As the dragonflies continued their work of procreation, we saw another type of insect land on the surface with a light splash. Surely not an intentional move. It would rest for a few seconds, then flutter its waterlogged wings in a desperate attempt to rise and escape, creating tiny ripples and alerting the frogs to another potential dinner. The second frog waited several minutes, apparently preparing for the leap—and missed. How could it miss a helpless drowning insect while in its own habitat? Here is the second, successful, leap.

As if the insect-amphibian drama were not enough, a hummingbird came to the nearby feeder. And then a goldfinch arrived to drink from the ant moat above the feeder. In short order, a male bluebird and a purple finch joined the party. Red, blue, yellow, within inches of each other. Their combined presence was fleeting and the photo attempts failed. But here is a cardinal splashing in the pond just a few minutes later.

Cardinal Bathing
Cardinal Bathing

All this action took place within a span of fifteen minutes—an astonishing compression, but just a small part of the life in and around the pond. Two nights ago, I was in the living room, awake in the small hours, when Mona had a fit at the dining room window. A raccoon was visiting the pond, reaching into the water with sweeping upward splashes, apparently trying to bag a frog. I turned on the outdoor light. It was not fazed and continued the hunt. I didn’t want to wake Nancy, who, as it turned out, had been wakened by Mona’s bark and was lying in bed thinking, “Surely Brent will tell me if it’s the raccoon.” Furthermore, I did not remember that her camera stays on the dining table, ready for action around the pond. And so, I failed a photo opportunity that I’ll probably not see again.

Phoebe Nest on Ladder
Phoebe Nest on Ladder

Later this afternoon, I chanced to look out our upstairs window and saw a blacksnake moving toward the back of the shop. Nancy was out, so I grabbed her camera and went to investigate. On a ladder suspended underneath the eaves of the shop was a phoebe nest. I watched the snake try to find its way up to the nest, then give up and move back into the woods.
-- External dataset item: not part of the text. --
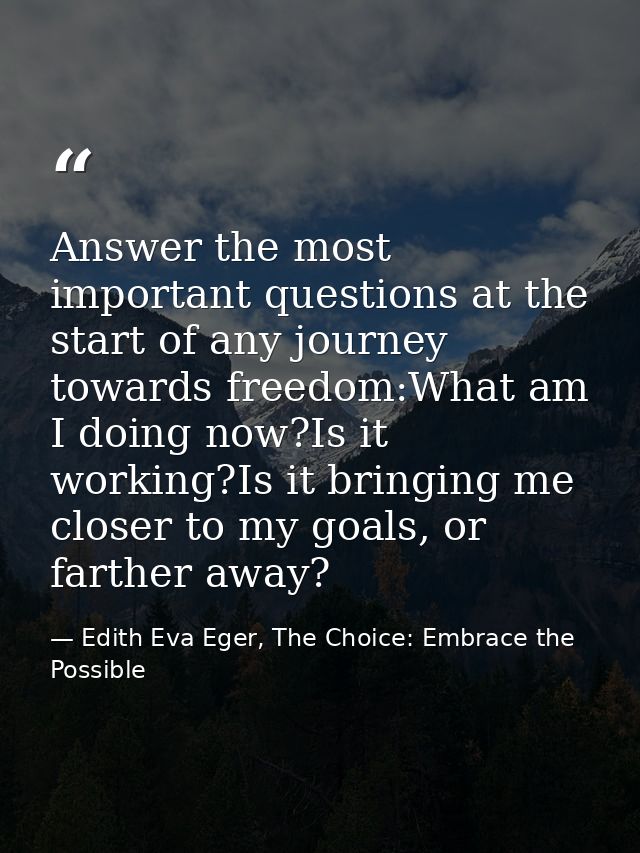 Answer the most important questions at the start of any journey towards freedom:What am I doing now?Is it working?Is it  — Edith Eva Eger, The Choice: Embrace the Possible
Lady-in-Red Hydrangea with Honeybee
Lady-in-Red Hydrangea with Honeybee

The plant world, too, is booming near the pond and in our yard. The astilbe are gone, but purple coneflowers and black and blue salvia are coming into bloom. After two cold winters froze back the hydrangeas, we finally had a mild winter, and they are in full bloom this year. We have three kinds—mophead, oak leaf, and lace cap (lady-in-red)—and from each of the matures, Nancy has propagated youngsters that this year are finally coming into their own. The lady-in-red are especially showy.

Green Frog Up Close
Green Frog Up Close

Correction: In The Frog Blog, I claimed the first frog photo was taken without benefit of telephoto. Wrong. I made a last minute substitution of photos and failed to adjust the text. But the one at right was taken at 50mm and is un-cropped.